Matrix 4x4 Identity matrix

(Please see Matrix 4x4 addition/subtraction (floats) for the typedefs and definitions used.)

The nice thing about the identity matrix, is that we don't have to do any reading of the matrix. And since the form of the identity matrix is already known:

    | 1 0 0 0 |
I = | 0 1 0 0 |
    | 0 0 1 0 |
    | 0 0 0 1 |

We can simple play a bit with vec_splat and the vector-bit shifting operations to create 4 vectors which we will only write to the destination matrix. No actual read access to the memory will be needed!

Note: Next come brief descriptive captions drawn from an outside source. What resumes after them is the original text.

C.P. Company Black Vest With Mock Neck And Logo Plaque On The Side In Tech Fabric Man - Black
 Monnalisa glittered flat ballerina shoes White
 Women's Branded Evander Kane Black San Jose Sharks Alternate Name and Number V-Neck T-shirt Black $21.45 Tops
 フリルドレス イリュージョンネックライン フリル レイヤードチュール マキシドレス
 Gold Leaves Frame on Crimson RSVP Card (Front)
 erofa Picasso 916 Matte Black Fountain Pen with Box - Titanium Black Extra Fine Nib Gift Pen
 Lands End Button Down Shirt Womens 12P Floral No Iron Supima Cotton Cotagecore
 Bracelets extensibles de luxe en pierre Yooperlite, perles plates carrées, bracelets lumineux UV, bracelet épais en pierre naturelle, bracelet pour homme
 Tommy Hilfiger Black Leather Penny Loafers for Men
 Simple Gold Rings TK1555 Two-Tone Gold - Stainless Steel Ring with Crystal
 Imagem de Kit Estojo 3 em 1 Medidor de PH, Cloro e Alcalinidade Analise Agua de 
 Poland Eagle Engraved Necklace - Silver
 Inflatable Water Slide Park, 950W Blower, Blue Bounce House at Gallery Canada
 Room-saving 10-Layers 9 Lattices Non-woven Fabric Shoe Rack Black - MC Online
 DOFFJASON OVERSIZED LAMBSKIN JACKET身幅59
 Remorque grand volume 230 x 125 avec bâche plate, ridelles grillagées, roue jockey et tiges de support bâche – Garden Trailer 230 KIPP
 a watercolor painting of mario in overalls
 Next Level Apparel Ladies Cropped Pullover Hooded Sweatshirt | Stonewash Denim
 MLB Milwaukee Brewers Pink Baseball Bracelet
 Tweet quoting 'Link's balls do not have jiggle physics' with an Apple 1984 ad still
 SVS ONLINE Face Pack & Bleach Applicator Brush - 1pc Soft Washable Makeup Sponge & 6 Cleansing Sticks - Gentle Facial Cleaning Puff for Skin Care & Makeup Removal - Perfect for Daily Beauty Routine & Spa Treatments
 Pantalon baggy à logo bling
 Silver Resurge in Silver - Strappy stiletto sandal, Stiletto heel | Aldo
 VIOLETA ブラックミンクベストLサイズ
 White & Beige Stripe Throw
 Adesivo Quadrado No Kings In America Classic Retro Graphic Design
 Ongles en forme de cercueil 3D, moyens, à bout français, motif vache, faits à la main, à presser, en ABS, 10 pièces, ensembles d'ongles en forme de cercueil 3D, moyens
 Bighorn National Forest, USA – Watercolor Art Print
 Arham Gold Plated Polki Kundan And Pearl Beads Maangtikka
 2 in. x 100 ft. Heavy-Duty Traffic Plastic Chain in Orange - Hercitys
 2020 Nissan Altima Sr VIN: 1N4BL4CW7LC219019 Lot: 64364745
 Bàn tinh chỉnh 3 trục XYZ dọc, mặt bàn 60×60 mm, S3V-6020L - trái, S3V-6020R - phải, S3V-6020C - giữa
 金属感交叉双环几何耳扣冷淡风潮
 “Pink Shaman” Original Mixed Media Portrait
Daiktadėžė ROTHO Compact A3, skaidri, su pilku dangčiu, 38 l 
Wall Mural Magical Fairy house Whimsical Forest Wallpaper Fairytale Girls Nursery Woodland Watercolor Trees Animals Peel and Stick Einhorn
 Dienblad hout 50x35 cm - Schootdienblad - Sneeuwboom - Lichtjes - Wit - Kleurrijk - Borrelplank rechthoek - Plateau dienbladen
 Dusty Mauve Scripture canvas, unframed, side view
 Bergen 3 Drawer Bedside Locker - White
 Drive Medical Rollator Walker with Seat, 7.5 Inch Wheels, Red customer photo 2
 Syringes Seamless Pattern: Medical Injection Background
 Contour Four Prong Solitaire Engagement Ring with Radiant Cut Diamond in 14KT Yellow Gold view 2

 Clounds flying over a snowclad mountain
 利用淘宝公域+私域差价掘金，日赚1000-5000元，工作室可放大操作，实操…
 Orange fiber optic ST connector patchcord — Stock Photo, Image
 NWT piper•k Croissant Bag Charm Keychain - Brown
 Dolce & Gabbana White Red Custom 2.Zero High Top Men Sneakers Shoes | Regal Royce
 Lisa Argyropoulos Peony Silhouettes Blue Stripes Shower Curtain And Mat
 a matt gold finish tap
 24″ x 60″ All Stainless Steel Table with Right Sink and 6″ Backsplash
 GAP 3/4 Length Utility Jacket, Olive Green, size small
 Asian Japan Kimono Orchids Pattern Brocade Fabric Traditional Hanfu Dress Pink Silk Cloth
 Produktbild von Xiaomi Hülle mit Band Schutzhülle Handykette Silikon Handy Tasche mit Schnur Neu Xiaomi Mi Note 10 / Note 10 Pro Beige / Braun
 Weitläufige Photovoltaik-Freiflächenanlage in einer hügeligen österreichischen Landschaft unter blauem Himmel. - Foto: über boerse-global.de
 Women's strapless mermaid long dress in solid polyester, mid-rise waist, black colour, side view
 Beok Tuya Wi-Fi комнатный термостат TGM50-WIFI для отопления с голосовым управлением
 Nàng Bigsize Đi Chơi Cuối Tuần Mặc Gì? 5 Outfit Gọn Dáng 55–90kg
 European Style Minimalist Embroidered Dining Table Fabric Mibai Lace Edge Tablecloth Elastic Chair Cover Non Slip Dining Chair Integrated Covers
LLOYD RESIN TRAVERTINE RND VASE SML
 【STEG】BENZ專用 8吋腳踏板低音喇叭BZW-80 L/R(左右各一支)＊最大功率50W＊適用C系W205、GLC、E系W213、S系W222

First we splat 1.0 to a vector float (actually splat 32-bit 1 (int) to a vector int and use vec_ctf() to convert to a vector float). So we have:

| 1.0 | 1.0 | 1.0 | 1.0 |

Then we need to shift that right by 12 bytes to get the fourth line in the matrix:

| 0.0 | 0.0 | 0.0 | 1.0 |

We achieve that by the use of vec_sll instruction, but this one needs the shift operand in another vector, so could we just vec_splat(12) and do it? Well not quite. It needs the operand shifted left by 3 bits. So, in essence, we do:

vector unsigned int sh;
sh = vec_splat_u32(12);
sh = vec_sll(sh, vec_splat_u32(3));

And finally, we can produce i3, i2, i1 in sequence just by doing a vec_sld instruction, shifting 4 bytes at a time. Here is the final code:

void Mat44Identity(Mat44 m)
{
        vector float vi1, vi2, vi3, vi4;
        vector unsigned int sh;
 
        i4 = vec_ctf(vec_splat_u32(1),0);
        sh = vec_splat_u32(12);
        sh = vec_sll(sh, vec_splat_u32(3));
        i4 = vec_sro(i4, (vector char)sh);
        i3 = vec_sld(i4, i4, 4);
        i2 = vec_sld(i3, i3, 4);
        i1 = vec_sld(i2, i2, 4);
 
        // Store back the identity matrix
        STORE_ALIGNED_MATRIX(m, vi1, vi2, vi3, vi4);
}

You might ask, why bother, one could just memset to 0.0 and then set the diagonal elements to 1.0. Well, see for yourself in the following benchmarks:

And here is the explanation: calling memset() involves an overhead of a function call, hence the very slow speed. But even if we unroll the loop and just set every element to 0.0, the performance is still ~50% of the altivec performance, because the FPU unit has half the bandwidth of the AltiVec unit (64-bit instead of 128-bit).